Stressing your computer with other stuff seems to trigger it more often as well - I would usually activate the script, wait a few minutes without anything occuring, and then when I open Youtube on another screen and start watching something suddenly I got the deadlock. I also have the impression that OpenGL makes this deadlock occur more often, but I am not completely sure - I might just be imagining things.

As for debugging this, I would be willing to look into it further, but I have no idea where to even start. The texture cache code is "strange" (and I have no graphics background, I'm a computer architecture guy). If you have any tips on how to approach this I can take a deeper look next week.

ruipin commented 6 years ago

I have now had time to test the workaround more. I sadly could not get the Vulkan version of the "fix" to work, disabling the blit engine cache is not enough, apparently.

As for OpenGL, I think i have been able to narrow the workaround further. On the latest master, this diff seems to be enough to avoid the issue from occurring (1h of opening doors with no issues):

index 41a487188..70fd0da89 100644
--- a/rpcs3/Emu/RSX/GL/GLTextureCache.h
+++ b/rpcs3/Emu/RSX/GL/GLTextureCache.h
@@ -992,7 +992,7 @@ namespace gl
                    fmt::throw_exception("Unexpected gcm format 0x%X" HERE, gcm_format);
                }

-               cached.make_flushable();
+               //cached.make_flushable();
                cached.set_dimensions(width, height, depth, (rsx_size / height));
                cached.protect(utils::protection::no);
                no_access_range = cached.get_min_max(no_access_range);

Why this is, i'm not sure, but this diff makes me think it has to do with the texture flushing behavior.
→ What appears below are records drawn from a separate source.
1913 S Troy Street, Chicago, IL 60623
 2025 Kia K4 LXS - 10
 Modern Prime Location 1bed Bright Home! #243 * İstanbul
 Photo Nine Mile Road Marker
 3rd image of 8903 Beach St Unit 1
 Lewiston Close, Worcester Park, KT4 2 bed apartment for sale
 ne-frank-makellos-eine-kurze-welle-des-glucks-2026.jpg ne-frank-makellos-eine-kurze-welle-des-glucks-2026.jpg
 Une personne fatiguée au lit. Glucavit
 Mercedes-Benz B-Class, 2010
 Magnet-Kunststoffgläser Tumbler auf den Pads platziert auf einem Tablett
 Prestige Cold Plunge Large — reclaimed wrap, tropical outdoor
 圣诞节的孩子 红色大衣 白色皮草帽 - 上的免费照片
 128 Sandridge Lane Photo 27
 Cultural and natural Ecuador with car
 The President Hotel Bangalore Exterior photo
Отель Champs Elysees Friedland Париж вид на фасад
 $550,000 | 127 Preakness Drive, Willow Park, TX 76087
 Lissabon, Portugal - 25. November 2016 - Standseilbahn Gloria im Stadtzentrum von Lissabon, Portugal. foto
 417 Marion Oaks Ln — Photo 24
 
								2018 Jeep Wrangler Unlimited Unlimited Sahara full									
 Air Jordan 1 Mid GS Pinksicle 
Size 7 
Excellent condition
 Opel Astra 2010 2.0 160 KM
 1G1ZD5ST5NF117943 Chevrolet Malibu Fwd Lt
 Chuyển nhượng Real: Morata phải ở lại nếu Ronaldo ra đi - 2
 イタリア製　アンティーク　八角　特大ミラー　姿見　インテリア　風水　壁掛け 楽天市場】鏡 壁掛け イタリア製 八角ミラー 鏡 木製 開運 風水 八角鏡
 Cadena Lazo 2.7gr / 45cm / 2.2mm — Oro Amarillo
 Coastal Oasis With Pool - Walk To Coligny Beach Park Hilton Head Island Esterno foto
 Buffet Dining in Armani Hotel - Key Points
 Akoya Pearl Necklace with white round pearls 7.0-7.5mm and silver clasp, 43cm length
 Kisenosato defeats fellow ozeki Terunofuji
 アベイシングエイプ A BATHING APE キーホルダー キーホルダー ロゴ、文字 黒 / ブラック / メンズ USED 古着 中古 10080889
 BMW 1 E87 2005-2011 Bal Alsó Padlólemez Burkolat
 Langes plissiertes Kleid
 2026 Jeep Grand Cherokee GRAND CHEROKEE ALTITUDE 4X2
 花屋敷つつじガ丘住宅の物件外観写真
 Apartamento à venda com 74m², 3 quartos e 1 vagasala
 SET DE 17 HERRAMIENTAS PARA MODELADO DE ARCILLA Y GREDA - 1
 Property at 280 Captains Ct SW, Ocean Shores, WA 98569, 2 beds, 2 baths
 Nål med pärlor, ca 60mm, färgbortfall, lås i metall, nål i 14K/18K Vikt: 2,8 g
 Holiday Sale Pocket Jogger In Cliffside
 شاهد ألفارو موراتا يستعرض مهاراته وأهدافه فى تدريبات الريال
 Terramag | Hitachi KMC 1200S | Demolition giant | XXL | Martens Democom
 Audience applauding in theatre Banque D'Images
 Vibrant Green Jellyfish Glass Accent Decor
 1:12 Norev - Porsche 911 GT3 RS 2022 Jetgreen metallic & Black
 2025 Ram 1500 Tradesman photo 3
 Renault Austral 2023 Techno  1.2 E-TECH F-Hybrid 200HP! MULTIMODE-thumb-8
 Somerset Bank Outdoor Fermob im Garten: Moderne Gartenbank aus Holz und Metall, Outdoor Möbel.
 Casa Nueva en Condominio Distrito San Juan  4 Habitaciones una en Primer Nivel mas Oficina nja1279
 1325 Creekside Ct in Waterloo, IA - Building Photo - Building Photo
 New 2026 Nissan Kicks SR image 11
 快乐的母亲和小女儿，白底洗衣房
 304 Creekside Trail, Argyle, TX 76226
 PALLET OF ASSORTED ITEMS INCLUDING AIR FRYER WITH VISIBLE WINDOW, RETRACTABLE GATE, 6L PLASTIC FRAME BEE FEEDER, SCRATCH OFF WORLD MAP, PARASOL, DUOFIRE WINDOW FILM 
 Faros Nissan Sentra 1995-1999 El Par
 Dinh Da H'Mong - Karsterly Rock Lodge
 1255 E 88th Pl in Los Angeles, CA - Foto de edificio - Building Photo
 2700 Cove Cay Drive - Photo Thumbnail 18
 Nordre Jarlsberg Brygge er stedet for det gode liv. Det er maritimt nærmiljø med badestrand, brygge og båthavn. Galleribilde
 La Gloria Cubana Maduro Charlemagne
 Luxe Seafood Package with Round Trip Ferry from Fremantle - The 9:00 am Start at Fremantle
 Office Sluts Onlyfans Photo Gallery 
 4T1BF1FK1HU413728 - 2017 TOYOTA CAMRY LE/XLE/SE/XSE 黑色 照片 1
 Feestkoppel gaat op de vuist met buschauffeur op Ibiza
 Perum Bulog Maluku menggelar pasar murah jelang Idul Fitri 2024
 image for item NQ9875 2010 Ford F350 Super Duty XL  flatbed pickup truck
Could it be that flushing blit_dst textures is causing a deadlock in certain situations?

I'll see if i can figure out a way to stop the issue from occurring on Vulkan.

ruipin commented 6 years ago

In order to confirm the above suspicion that blit_engine_dst texture flushing is related to this deadlock, I tried the following code using Vulkan:

index e01d3756a..28b98e9f6 100644
--- a/rpcs3/Emu/RSX/VK/VKTextureCache.h
+++ b/rpcs3/Emu/RSX/VK/VKTextureCache.h
@@ -132,7 +132,7 @@ namespace vk
        bool is_flushable() const
        {
            //This section is active and can be flushed to cpu
-           return (protection == utils::protection::no);
+           return (protection == utils::protection::no && context != rsx::texture_upload_context::blit_engine_dst);
        }

        bool is_flushed() const

I can confirm that with the above diff applied to the latest master, I have experienced no deadlocks on Vulkan in over 30 minutes of opening doors.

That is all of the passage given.